How do you avoid design changes? The best strategy is to get involved early to understand the areas of risk. Do your best to pin down the design group as to when they will have a frozen design. In my experience, the product design team gets a free pass from accountability to a timeline, so you must be proactive. If you see a change coming, don’t give the green light to a machine builder unless you have to for timing purposes. Alert the vendor’s team leader immediately when you know a design change is coming. Communication is vital!

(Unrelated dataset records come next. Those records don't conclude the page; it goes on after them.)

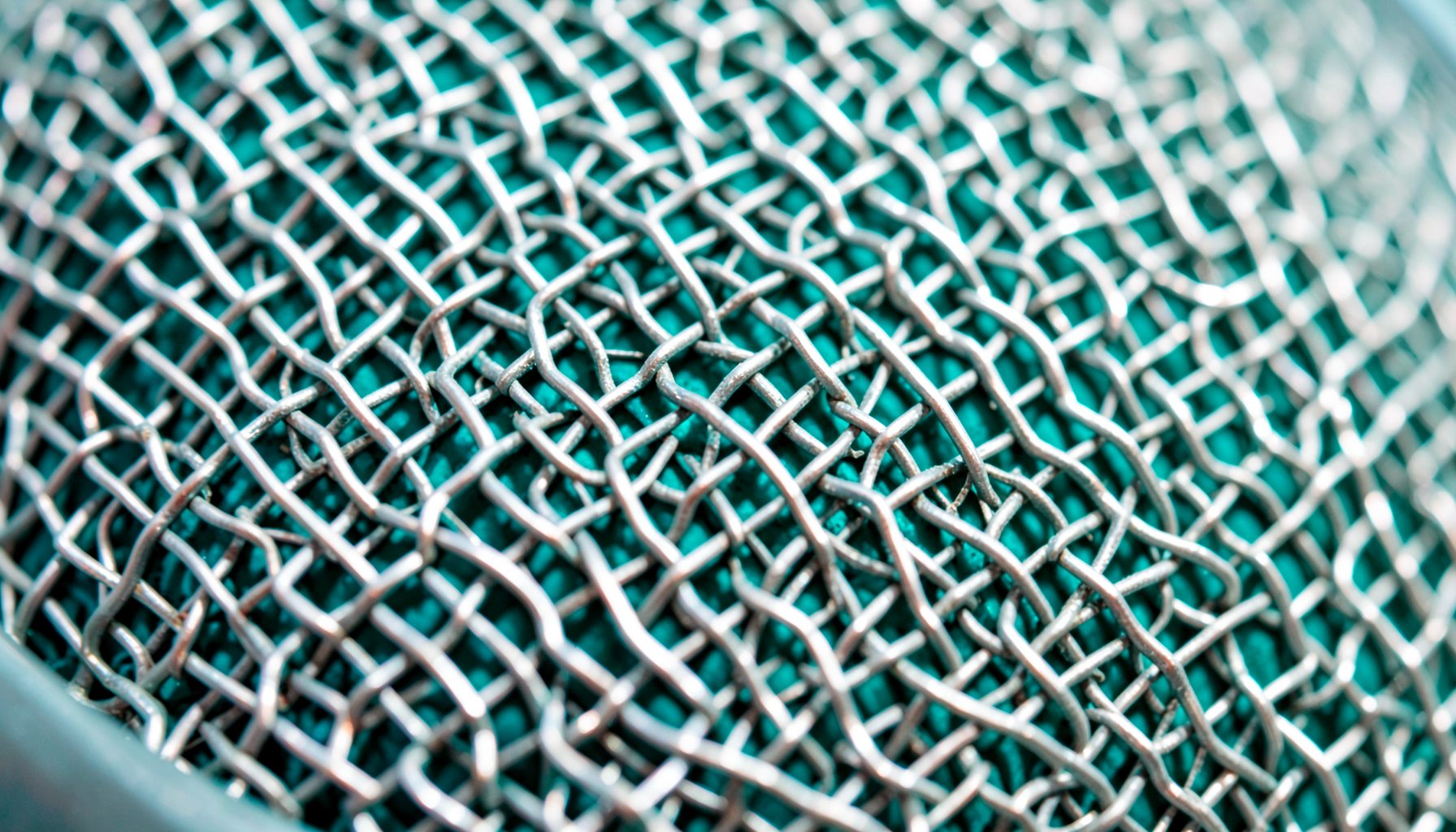 Extreme close-up of a microphone grille mesh texture, metallic silver with fine woven pattern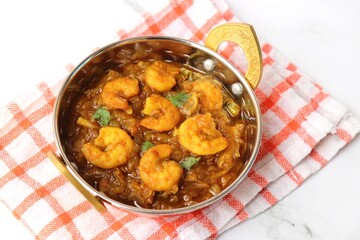 Indian food- Prawns masala or shrimp curry. Also known as Kolambi che Kalvan in Marathi. Chingri fry. Maharashtrian Prawns curry. Copy space.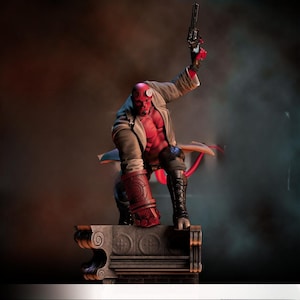 Puede incluir: Una figura musculosa de piel roja con cuernos, que lleva un abrigo y botas color beige, sosteniendo una pistola. La figura posa sobre una estructura de piedra, con una cola roja visible. La estatua es una representación detallada de un personaje de cómic.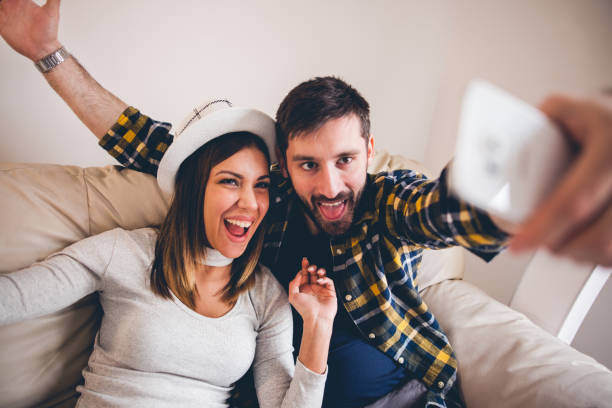 Capturing bright moments Happy smiling young couple taking selfie trophy wife stock pictures, royalty-free photos & images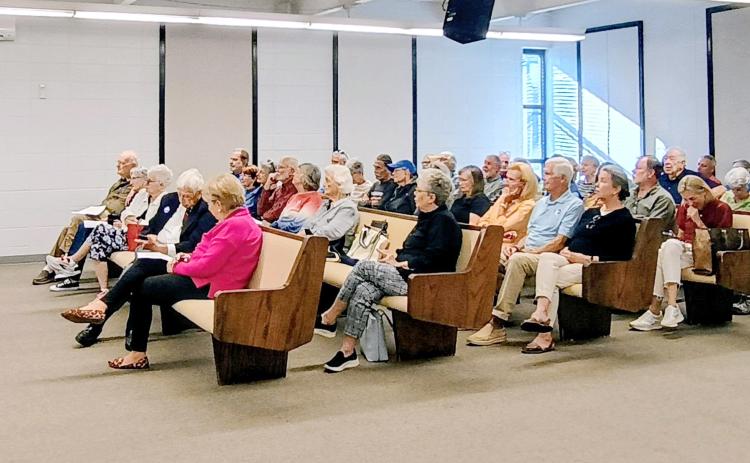 Megan Horn/The Clayton Tribune. The Tuesday, Oct. 13 City of Clayton work session and public hearing were well-attended by citizens awaiting the council’s decision on the millage rate. Citizens erupted in applause at the news that the council planned to adopt the current rate of 7.059 and not raise the millage rate. Pictured, left, is citizen Dee Daley, who is also a representative of the Rabun County Coalition for Good Government.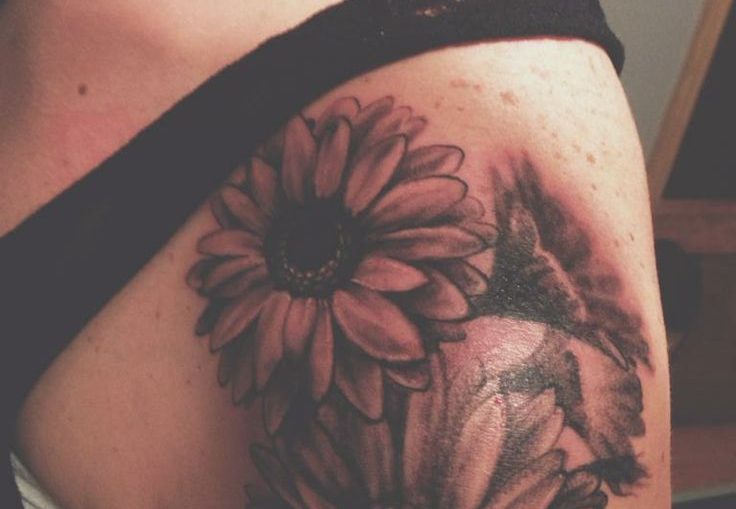 Tatuaggi fiori: la margherita. Significato e fotogallery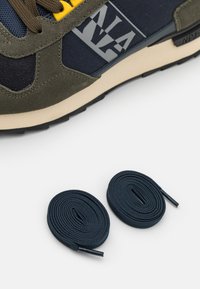 Scarpa sportiva in suede verde scuro e rete blu navy con dettagli gialli e logo grigio, accompagnata da due lacci rotondi blu scuro.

The sixth major reason for capital disaster is a lack of a detailed runoff plan. The best strategy for a runoff is to get your team involved in establishing the criteria for equipment acceptance. The quality engineer should provide a quality plan and all necessary gauging. The materials group should have all the necessary parts shipped to the equipment builder. The equipment builder should provide an inventory upon receipt of parts to make sure all parts are accounted for and ready to go. The safety team should have already been to the supplier to sign off, ensuring the equipment meets safety standards. The maintenance team should have been to the builder several times to identify any concerns regarding specification compliance. The operations group should have been alerted as to the number of operators that will be required for runoff, and all travel arrangements should be made. There should be a detailed onsite plan to prep, train, and qualify the equipment to ensure that the operators are used efficiently so they can return to your plant as soon as possible.
How do you avoid not having a runoff plan? Make a plan well ahead of the actual runoff. You will want to have your team members provide you with plans for their areas of responsibility. Reviewing the plan before and during runoff is critical to keeping things running smoothly!